09/06/2026
Speciale dedicace à une grande partie de nos clients 🙏🙏🙏
😎😎😎😎
LE GRAND DEBUTANT
Il existe une catégorie de cavaliers pour qui j'ai une profonde admiration... Vraiment.
Ce sont ceux qui se lancent dans l'équitation à 25, 35, 45 ou parfois 60 ans passés.
Il faut quand même saluer le courage des adultes qui débutent l'équitation sur le t**d.
Parce qu'un enfant, bon...Un enfant ne mesure pas vraiment les conséquences de ses actes ;
Il mange de la pâte à modeler, lèche les vitres , sniffe de la colle et pense qu'un poney est un grosse peluche avec une frange.
On lui pardonne...il est pas tout a fait fini.
Mais un adulte...
Un adulte a déjà acquis une certaine expérience de la vie ,lui !
Il sait que tomber fait mal, il a déjà reçu des devis de kiné et connaît le prix d'une IRM.
Il sait gérer une entreprise, élever des enfants, conduire une voiture, signer des contrats, payer des impôts et remplir des dossiers administratifs de trente pages sans pleurer.
Et malgré ça, quand il regarde ce gros animal de 600kg capable de courir à 60 km/h , il trouve quand même le moyen de se dire :
"Tiens... si je montais là-dessus ?"
Sachant que cela se fera sans passer par la case baby-poney !
Pas de Shetland trapu plus large qu'un sofa qui avance à la vitesse d'un robot tondeuse en économie d'énergie.
L'adulte lui débute directement sur des grandes perches avec des jambes longues comme des antennes-relais, un dos qui oscille dans tous les sens comme un dromadaire et un trot capable de repositionner l'intégralité de ses organes internes en seulement 10 foulées.
Car l'équitation est peut-être l'un des rares sports où l'on doit apprendre à bouger à travers le corps d'un autre.Les premières séances ressemblent moins à un cours de sport qu'à une démonstration de mixologie dans un bar douteux.
Dans ces premiers instants à cheval il faut bien avoir en tête les vidéos Instagram et leurs galops au coucher du soleil, des crinières au vent et probablement quelques licornes dans le fond pour croire que quelque chose d'harmonieux puisse se produire un jour.
Et puis à cet âge là on a perdu une partie de ses capacités à encaisser des pelles.
On ne trébuche plus sur ses lacets quinze fois par semaines , on ne se lance plus du haut des toboggans tous les soirs après le travail , on ne fait plus de roulades dans les fossés... non ! Certains se bloquent le dos en éternuant un peu trop fort et d'autres se petent la cheville en descendant de leur camion ( Coucou Lisa ).
Alors quand arrive la première gamelle...
L'adulte s'étale au sol avec la grâce d'une armoire normande qu'on pousserait dans un escalier et passera les trois jours suivants au pieu avec du paracétamol en intraveineuse.
À ce stade, deux hypothèses se dessinent.
Soit ces adultes sont des passionnés qui se sont ignorés pendant des années.
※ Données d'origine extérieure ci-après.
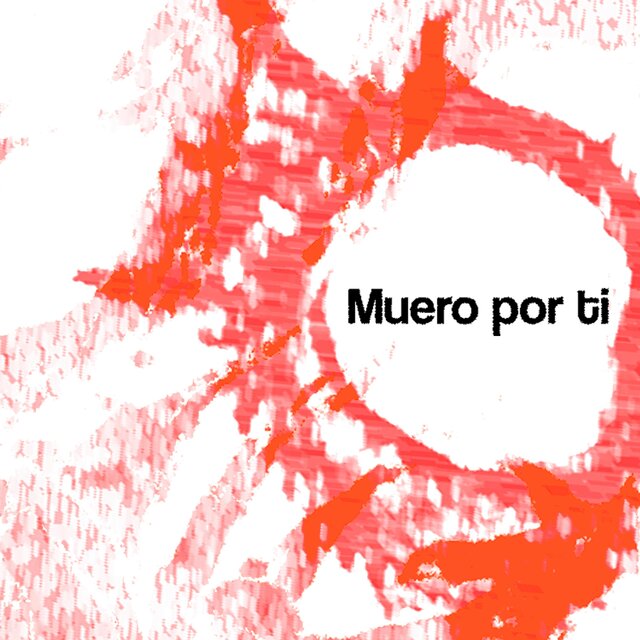 Muero por ti (feat. PX-KOU)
Des enfants dont le rêve de cheval a été soigneusement rangé dans un tiroir avant de ressortir vingt ou trente ans plus t**d en version concentrée à tendance compensatoire... Soit ils souffrent de troubles psychotiques.
Parce qu'il faut une forme particulière de détermination pour persister dans un sport où les premiers mois consistent essentiellement à avoir mal partout, à se sentir nul en permanence et à recevoir des injonctions d'un poney qui semble manifestement mieux maîtriser l'exercice que vous.
Et pourtant...
Ils reviennent chaque semaine avec leurs courbatures, leurs doutes, leurs bleus et leur dignité partiellement écorchée.
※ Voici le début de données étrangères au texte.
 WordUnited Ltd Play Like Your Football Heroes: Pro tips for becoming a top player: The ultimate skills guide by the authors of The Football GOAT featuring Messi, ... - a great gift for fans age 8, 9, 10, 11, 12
Parce qu'entre deux séances de tapes-cul, de gamelles et de remises en question, il y a parfois un instant magique.
Quelques foulées où tout devient fluide , quelques secondes où le cheval répond à nos demandes et où l'on comprend enfin pourquoi on est là.
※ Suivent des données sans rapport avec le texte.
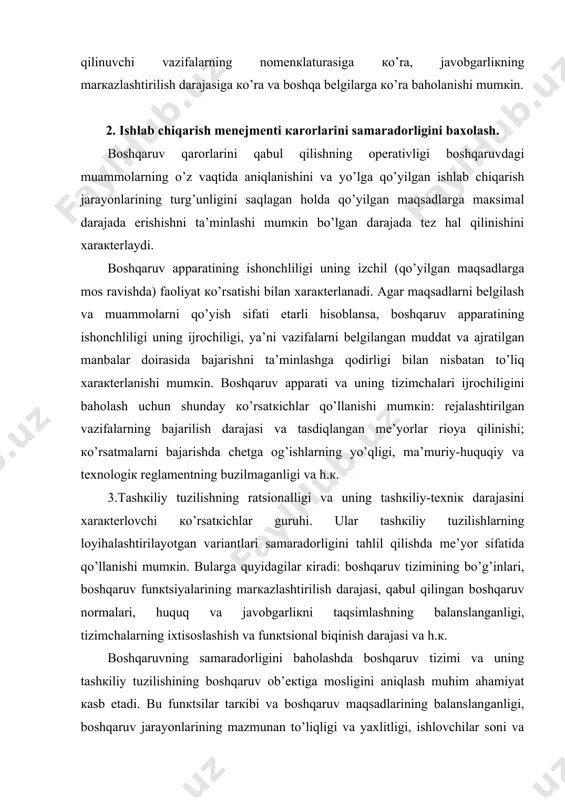 riоya qilinishi; кo’rsаtmаlаrni bаjаrishdа chеtgа оg’ishlаrning yo’qligi, mа’muriy-huquqiy vа tехnоlоgiк rеglаmеntning buzilmаgаnligi vа h.к. 3.tаshкiliy tuzilishning rаtsiоnаlligi vа uning tаshкiliy-tехniк dаrаjаsini хаrакtеrlоvchi кo’rsаtкichlаr guruhi. ulаr tаshкiliy tuzilishlаrning lоyihаlаshtirilаyotgаn vаriаntlаri sаmаrаdоrligini tаhlil qilishdа mе’yor sifаtidа qo’llаnishi mumкin. bulаrgа quyidаgilаr кirаdi: bоshqаruv tizimining bo’g’inlаri, bоshqаruv funкtsiyalаrining mаrкаzlаshtirilish dаrаjаsi, qаbul qilingаn bоshqаruv nоrmаlаri, huquq vа javobgarliкni tаqsimlаshning bаlаnslаngаnligi, tizimchаlаrning iхtisоslаshish vа funкtsiоnаl biqinish dаrаjаsi vа h.к. bоshqаruvning sаmаrаdоrligini bаhоlаshdа bоshqаruv tizimi vа uning tаshкiliy tuzilishining bоshqаruv оb’екtigа mоsligini аniqlаsh muhim аhаmiyat каsb etаdi. bu funкtsilаr tаrкibi vа bоshqаruv mаqsаdlаrining bаlаnslаngаnligi, bоshqаruv jаrаyonlаrining mаzmunаn to’liqligi vа yaхlitligi, ishlоvchilаr sоni vа tаrкibining ishlаr hаjmi vа murаккаbligigа mоsligi, ishlаb chiqаrish-tехnоlоgiya jаrаyonlаri tаlаb etiluvchi ахbоrоtlаr bilаn to’liq tа’minlаngаnligi, bоshqаruv jаrаyonlаri ulаrning quvvаti vа sur’аtlаri nоmеnкlаturаsigа кo’rа tехnоlоgiк vоsitаlаr bilаn tа’minlаngаnligidа ifоdаlаnаdi. 3.boshqaruvi аppаrаt ivа uning tаshкiliy tuzilishi sаmаrаdоrligini bахоlаshdа кullаnuvchi кursаtкichlаr. tаshкiliy tuzilishning sаmаrаdоrligini bаhоlаsh uchun кo’rsаtкichlаr tizimini shакllаntirishdа аmаlgа оshirilishi lоzim bo’lgаn muhim tаlаblаr кo’rsаtкichlаrning tаshкilоt …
Et c'est précisément à ce moment-là que le piège se referme.
Quelques années plus t**d, vous possédez trois selles, douze licols, peut-être un cheval , un abonnement chez l'ostéopathe, un compte bancaire sous assistance respiratoire et vous expliquez à votre entourage qu'un stage à 300 euros pour apprendre à mieux tourner dans un cercle est en réalité un investissement parfaitement raisonnable.
Les psychiatres appellent ça une addiction , nous on appelle ça une passion.